Unlearning Racism Adventure #2

I’ve got a pedometer. My HMO encourages healthy habits and preventative care. One of their programs is “10,000 steps.” You get a pedometer and try to take 10,000 steps every day. (I can’t do that while on the internet, but FlyLady has figured out how to.)

So I got a pedometer and just put it in my pocket. I took it out and looked at how many steps I’d walked every day. There was an attitude change. I started wanting to get that number higher. I quit whining when my airplane was at the farthest gate–now it was a chance to get a few more steps in before being locked in a metal tube. I started taking more than one walk a day sometimes. Just measuring changed my behaviour–an example of the observer effect. Yay! Science in action!

Can scientific measurement help me overcome my personal racism?

I’m going to start by keeping track of how many people of color are at the events that I attend.The comedian  W. Kamau Bell reminded me that if everyone around me is white, that’s white privilege. In Oakland, California, about a third of the people are white, a third black or African-American, and a third are every other category. In addition, about a quarter are Hispanic or Latino.

The Race-ometer:

W/B/O = 33/33/33

White/Black/Other = 33/33/33

That’s the goal. Ten thousand steps and only one-third white people. I start by observing where I am. The “other” category is to help me break out of the White/Black binary thinking I usually do.

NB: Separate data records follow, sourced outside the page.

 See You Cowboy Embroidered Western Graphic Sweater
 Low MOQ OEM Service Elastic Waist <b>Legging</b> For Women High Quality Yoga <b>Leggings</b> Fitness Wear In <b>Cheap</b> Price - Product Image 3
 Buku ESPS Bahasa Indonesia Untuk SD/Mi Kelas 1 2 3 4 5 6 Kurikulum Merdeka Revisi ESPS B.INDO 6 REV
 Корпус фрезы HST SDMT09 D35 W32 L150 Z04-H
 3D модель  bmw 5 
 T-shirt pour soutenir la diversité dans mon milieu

So, where was I yesterday? PEERS River City, Iowa, Picnic Dance of 1912 = W/B/O = 150/6/11. This surprised me a lot. I was expecting 150/0/0. (I estimated the number of white people. I may have double-counted or missed a few of the non-white people. Still, it’s a start.) Later, dinner with friends W/B/O = 4/0/0.

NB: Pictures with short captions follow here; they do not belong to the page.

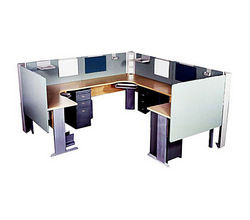 Single Pentagon Workstation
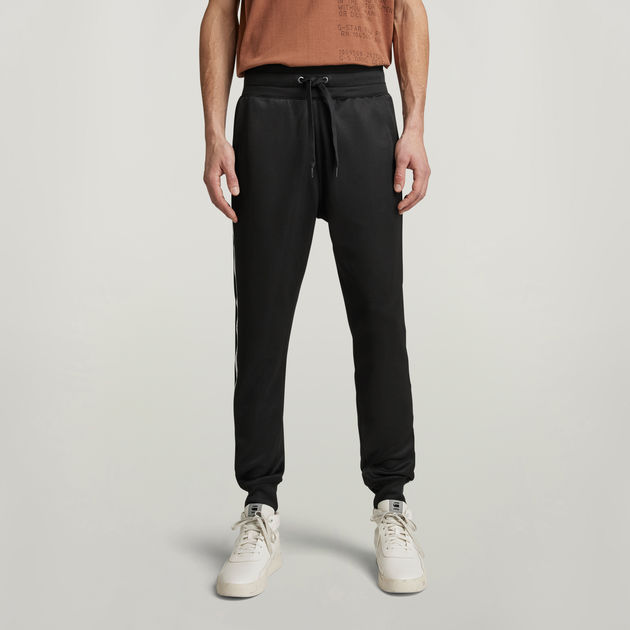 Slim tapered sweatpants hotsell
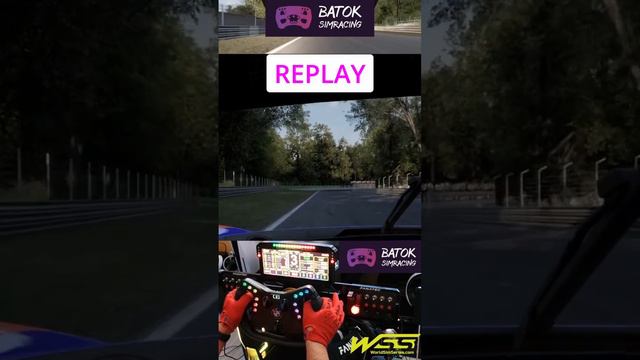 Gérer le TC au volant pendant une course ! #simracing #fanatec #assettocorsacompetizione смотреть онлайн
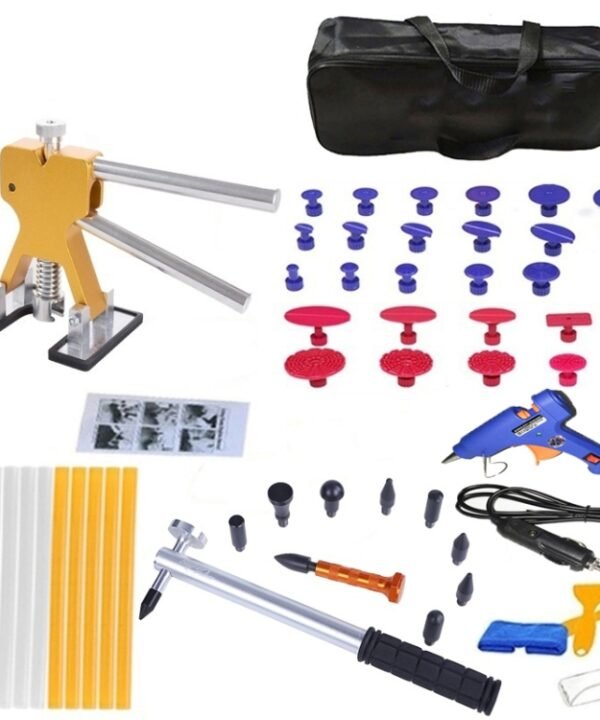 54 in 1 12V Car Cigarette Lighter Plug Paintless Dent Puller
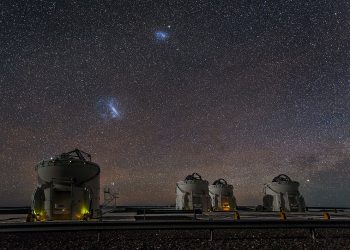 La Gran Nube de Magallanes se adelantará a Andrómeda en su impacto con la Vía Láctea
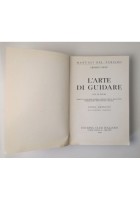 L'ARTE DI GUIDARE di Ernesto Tron 1961 Touring Club Libro automobile Patente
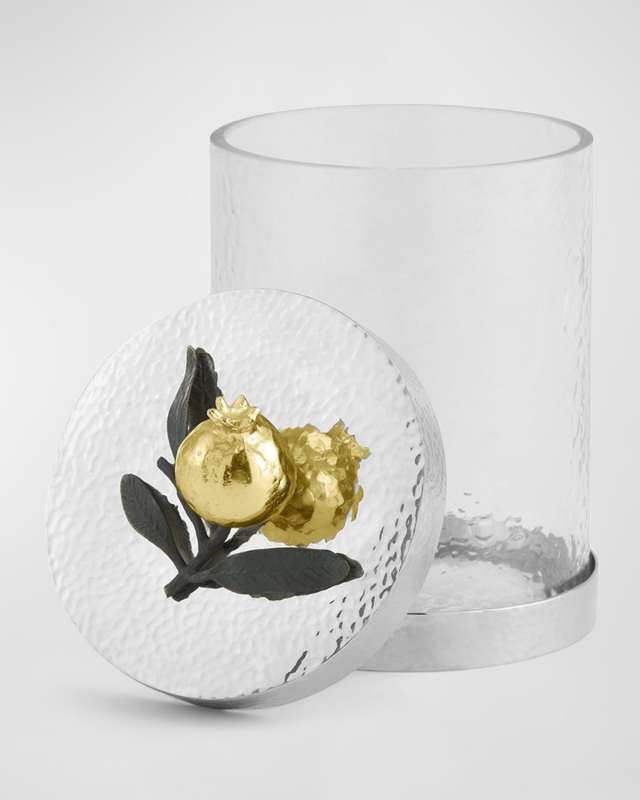 Pomegranate Canister, Small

I’ve realized that to get the race-ometer numbers to average 3/3/3 means that I will sometimes be in situations where whites are in the minority, which will be uncomfortable for me. Do you think that’s why Biden was invited to sit down with Gates, Crowley and Obama?

Unlearning Racism Adventure #1

August 1, 2009

Notes about the African presence in Mexico and comedy at La Pena.*

Last night I tried to end my personal racism in about an hour.  Comedian W. Kamau Bell notes that if 70% or more of the people in a place are white, it’s possible that place is racist. That place is my life.

In Oakland, California, only about 35% of the people are white.  So why couldn’t I think of anyone to bring with me to La Pena get the 2 for 1 discount for coming with someone of a different race? Pitting my frugalness against my racism was very clever, Kamau. It hurt. (I didn’t come up with anyone of the same race except my family to invite either, now that I think about it, but I’m ok with that.)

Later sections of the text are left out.